I have a few personal rules by which I videoblog, and one is that I use the same MiniDV tape over and over until it wears out, which forces me to be strict with the amount of footage I shoot, and how long I leave it before I edit. I also try not to keep track of what is where on the tape, which also helps enforce the “edit now” edict.
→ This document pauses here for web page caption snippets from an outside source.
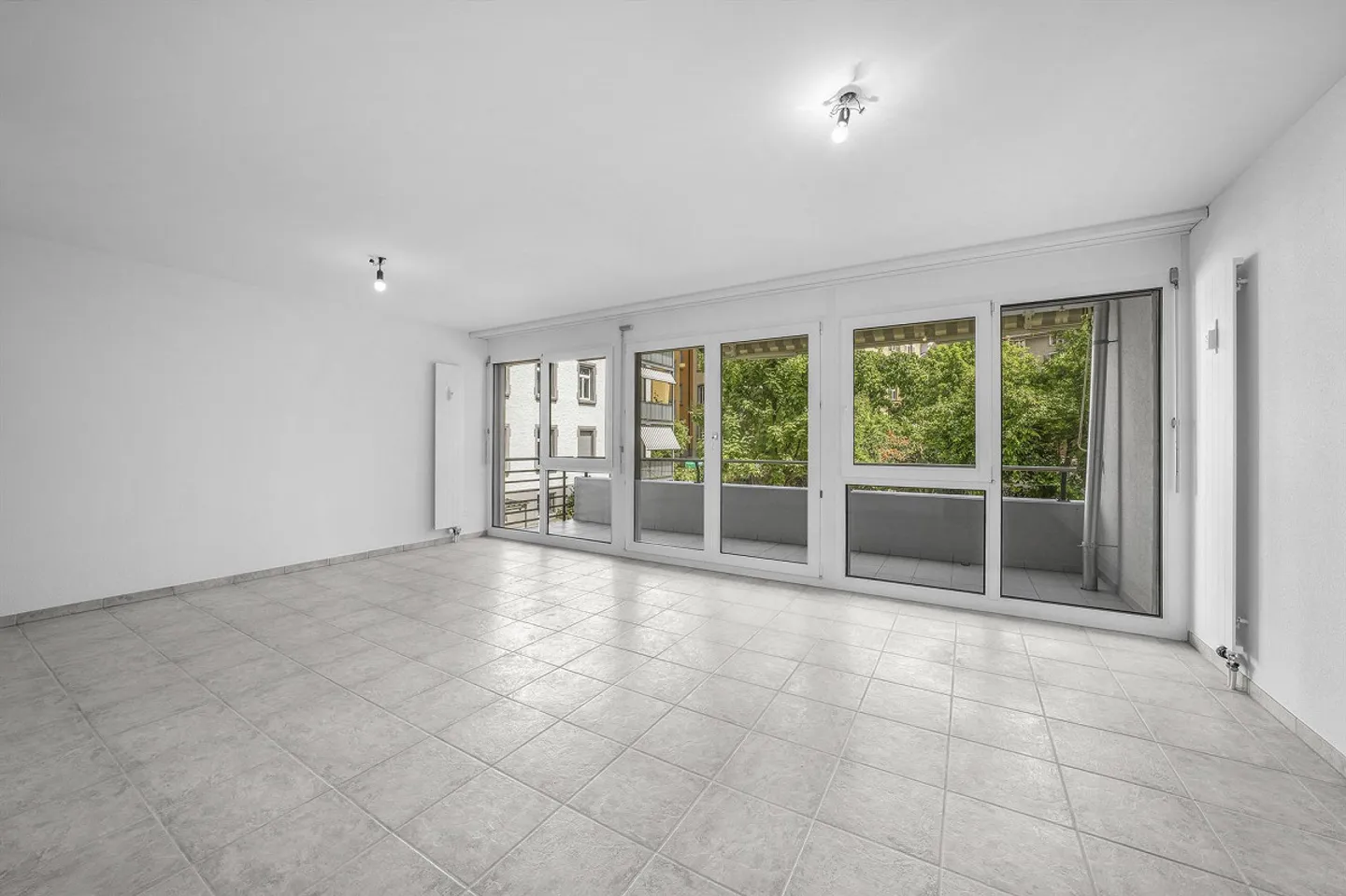 Attractive apartment in a quiet residential area in the west of the city of St. Gallen - Photo 3 of 25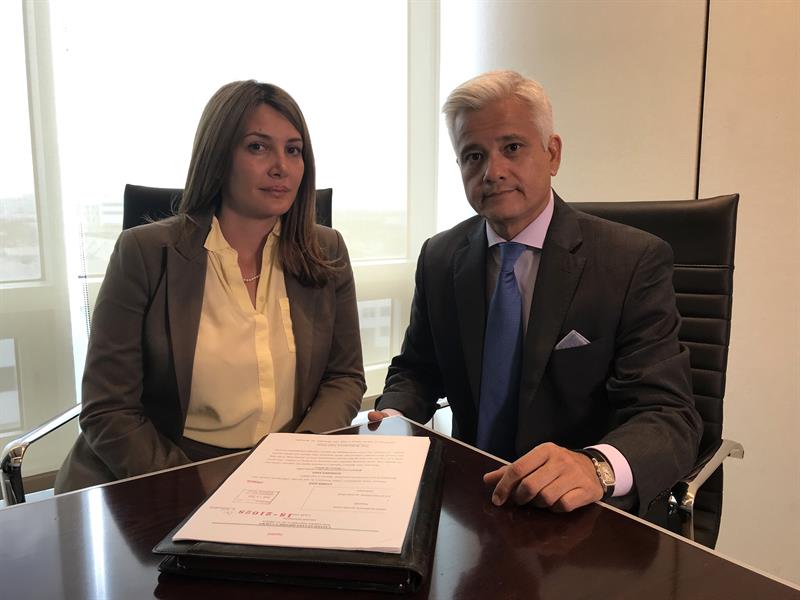 Los abogados de la compositora cubana Mimi Korman, Fernando Bobadilla (d) y Marcella Roukas (i)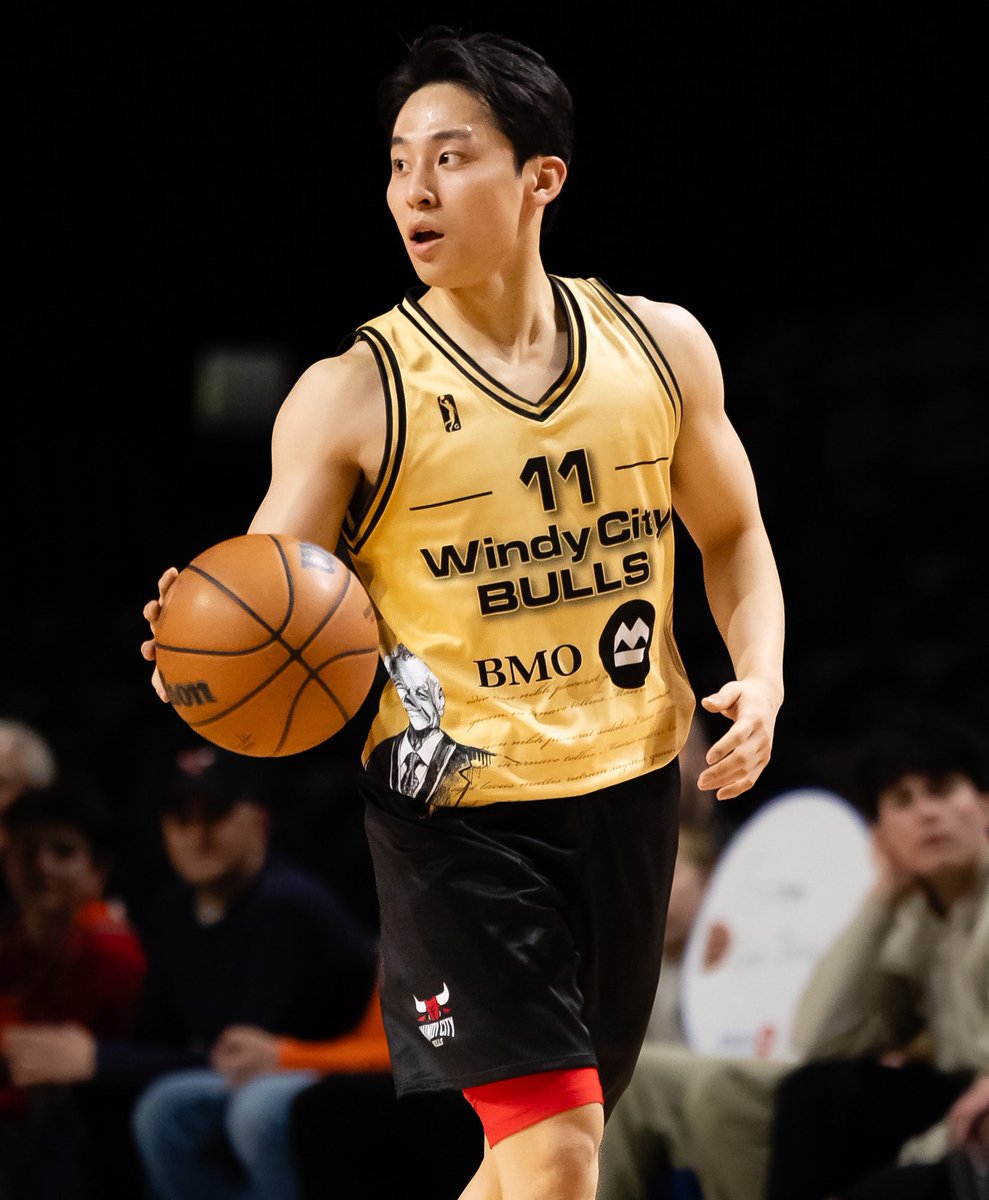 本日の河村勇輝
34得点16アシスト8リバウンド✨👀
ほぼトリプルダブルのダブル×2

得点とアシストはチームトップ
得点はGリーグキャリアハイ
解説もユーキマジックを連発😂

河村くんだけで最低でも66得点に関わっている計算…
スリーは6分の3
リバウンド8はチーム2番目

この数字はとんでもないっす…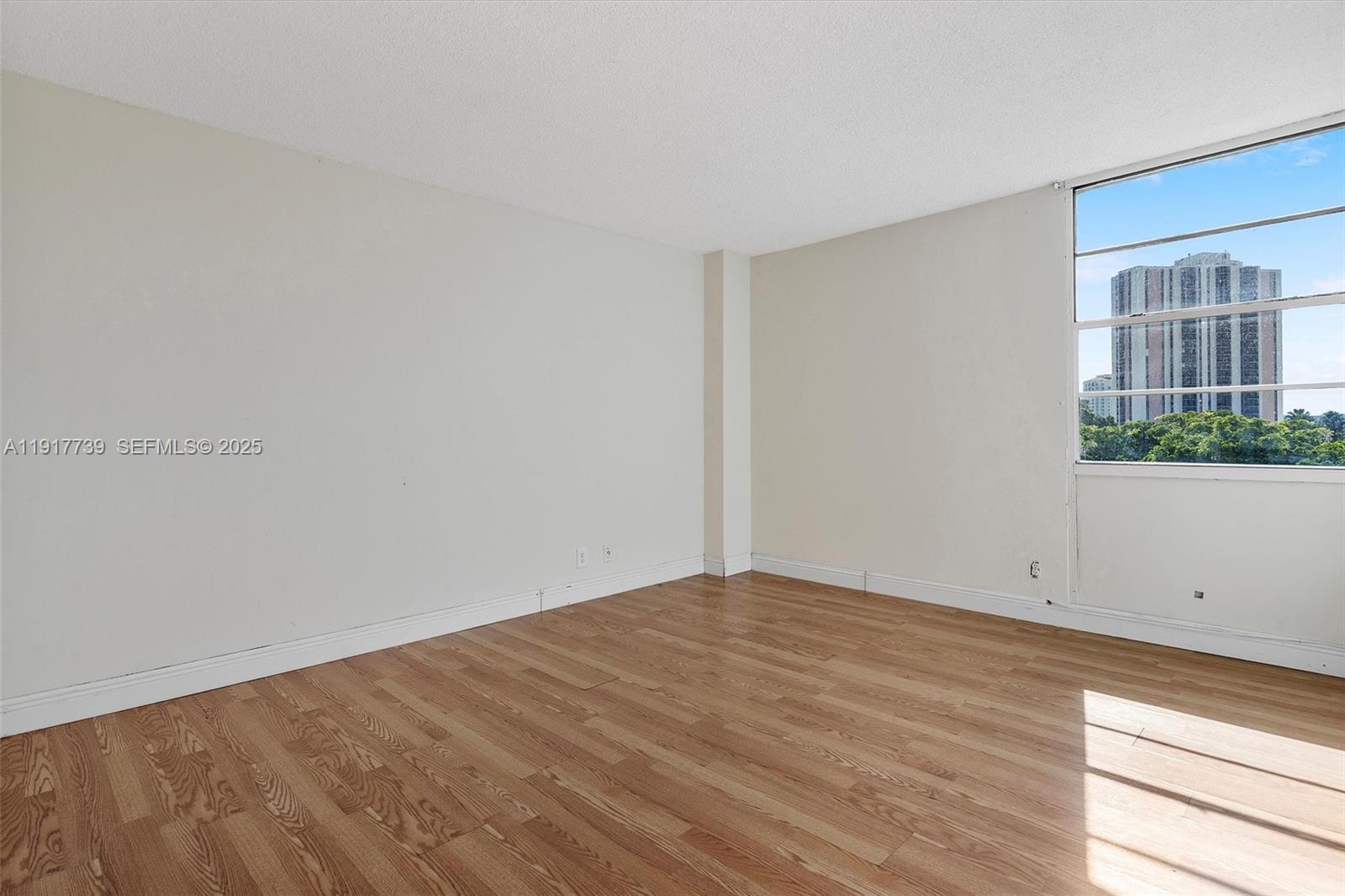 BRAVURA II CONDO - Residential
So I wrote a program to generate 10 completely random edit points, which I then used to log clips from my 60 minute work tape. For reference, although they’re totally useless to you, the random edits were:
- 25:08:00 for 39 seconds
- 39:53:00 for 34 seconds
- 33:37:00 for 57 seconds
- 55:41:00 for 27 seconds
- 21:46:00 for 34 seconds
- 08:55:00 for 7 seconds
- 26:01:00 for 44 seconds
- 42:48:00 for 48 seconds
- 17:15:00 for 6 seconds
- 34:41:00 for 19 seconds
There’s some interesting selections, including some footage from projects outside of my videoblogging, and I’ve masked the faces of the police who I shot (read: videoed) on Christmas day. Apart from that, I accepted everything that was selected by the random number generator, including the passer by saying “Keep an eye on the fascists, dude!”, which I so wanted to include in a vlog, but didn’t know how.
If you’re using the same recycled tape technique, then why not post a video of your own, using the same edit points as above, and tag it in mefeedia as randomedits.
The enclosed video is what I assume is the world’s first completely random computer generated videoblog post. Read into it what you will, because there certainly aint no narrative.